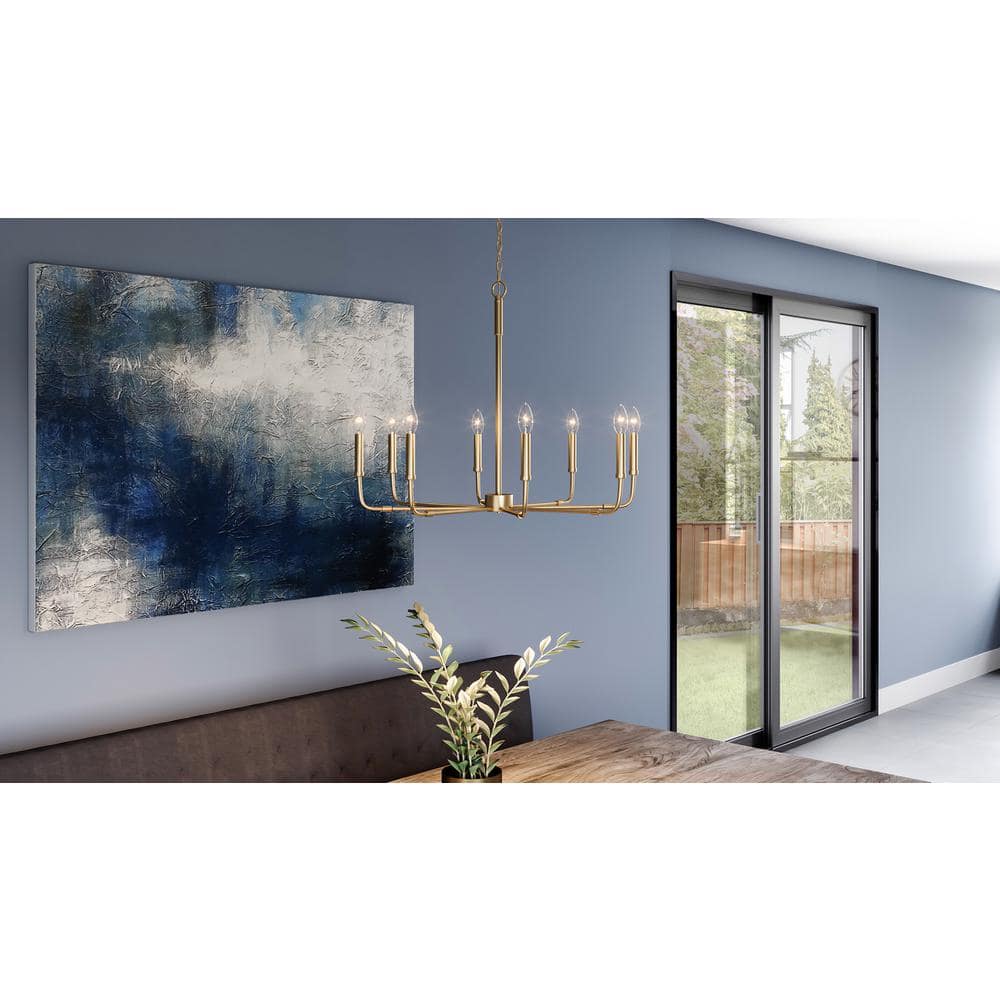 Aged Brass 8-Light Candle Chandelier with Steel Frame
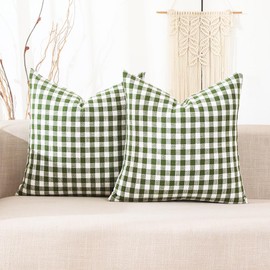 CARRIE HOME Sage Green Farmhouse Plaid Pillow Covers 18x18 Set of 2, Spring Outdoor Checkered Pillows, Green and White Buffalo Plaid Throw Pillows 18 x 18 (No Pillow Inserts)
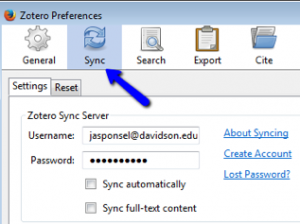 syncing in zotero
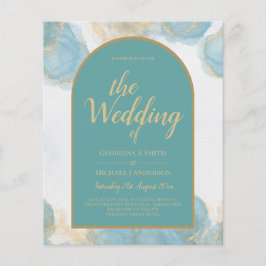 LeahG INK Sjöglas Turkos Blågrön Guld INVITATION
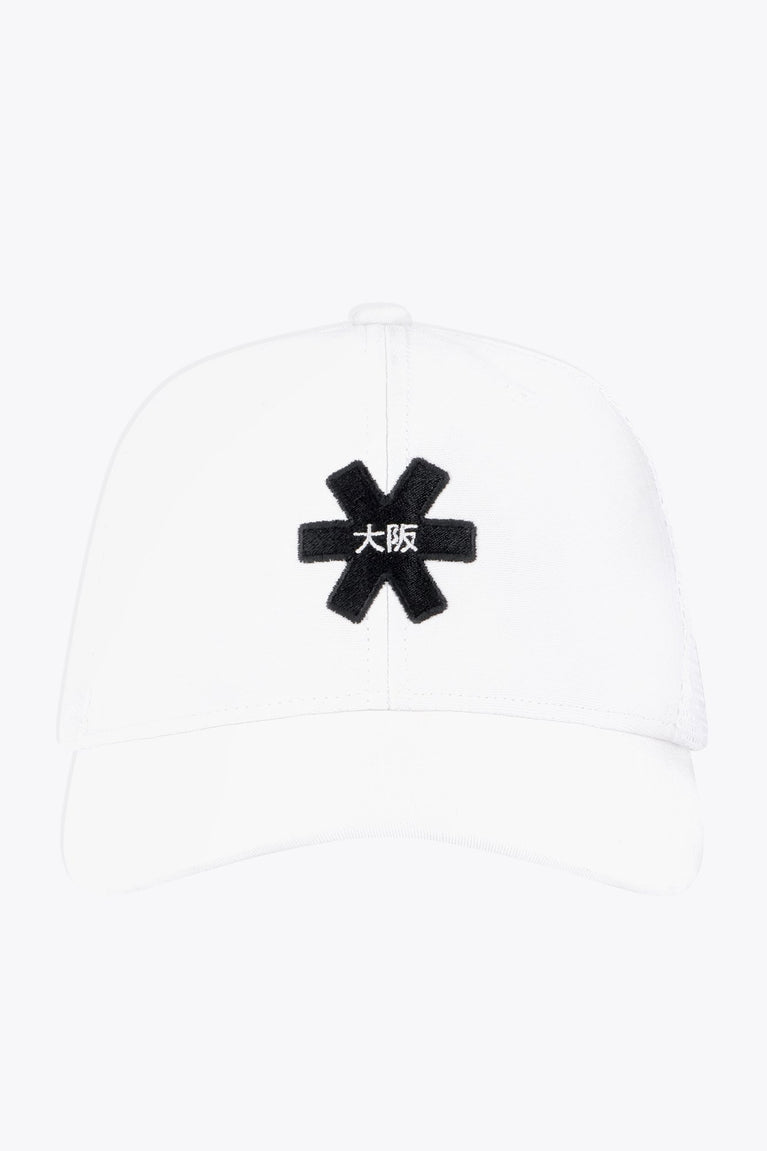 Osaka trucker cap in white with logo in black. Front view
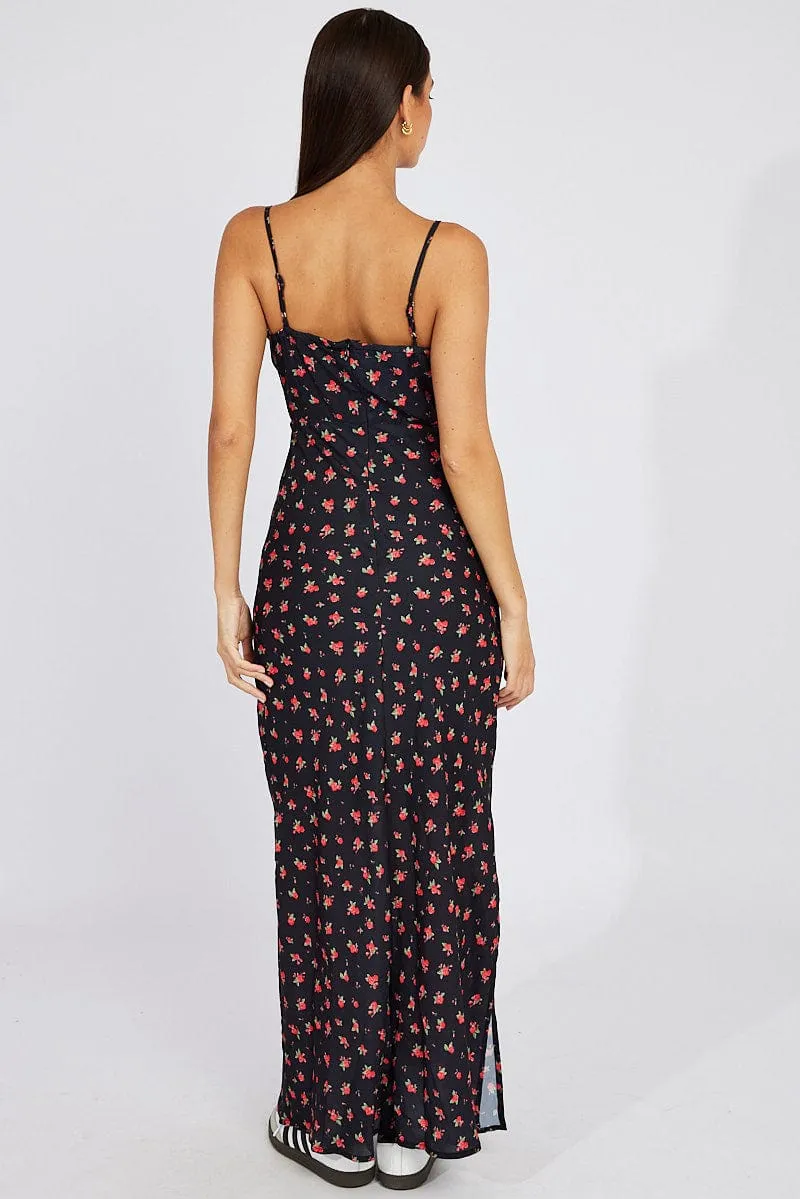Black Floral Midi Dress Gathering Bust Sleeveless sold by Ally Fashion product image thumbnail 5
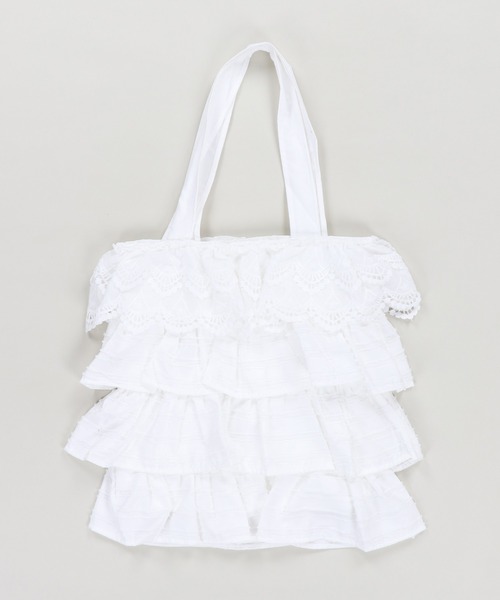 SPINNS（スピンズ）の「レースティアードトートバッグ/NEO森ガール（トートバッグ・レディース・ブラック/ホワイト・ONESIZE）」の11枚目の写真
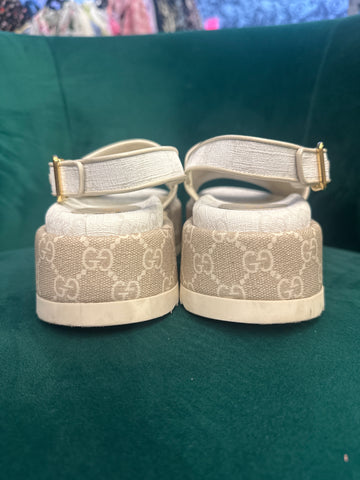 Gucci Platform Coated Canvas GG Supreme Slingback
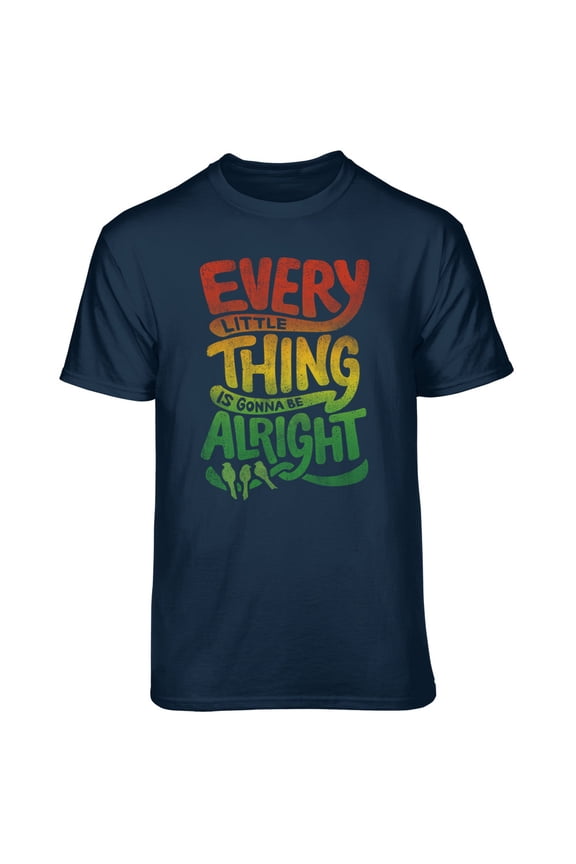 Men's Navy Every Little Thing Is Gonna Be Alright Relaxed Fit Short Sleeve Graphic T-Shirt
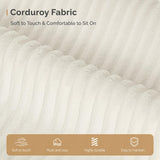 Luxanimarion Modern Style Curved Sofa, Upholstery Corduroy Sofa Couch with 3 Pillows, Oversized Sleek Curved Sectional Boucle Fabric Couch for Living Room White Luxanimarion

-------

• What you have to do
After locating the line containing "LeahG INK Sjöglas" in the entries above, return it and every line after it exactly, ending at the line containing "Gucci Platform Coated", without pictures.

• Result of the exercise
 LeahG INK Sjöglas Turkos Blågrön Guld INVITATION
 Osaka trucker cap in white with logo in black. Front view
Black Floral Midi Dress Gathering Bust Sleeveless sold by Ally Fashion product image thumbnail 5
 SPINNS（スピンズ）の「レースティアードトートバッグ/NEO森ガール（トートバッグ・レディース・ブラック/ホワイト・ONESIZE）」の11枚目の写真
 Gucci Platform Coated Canvas GG Supreme Slingback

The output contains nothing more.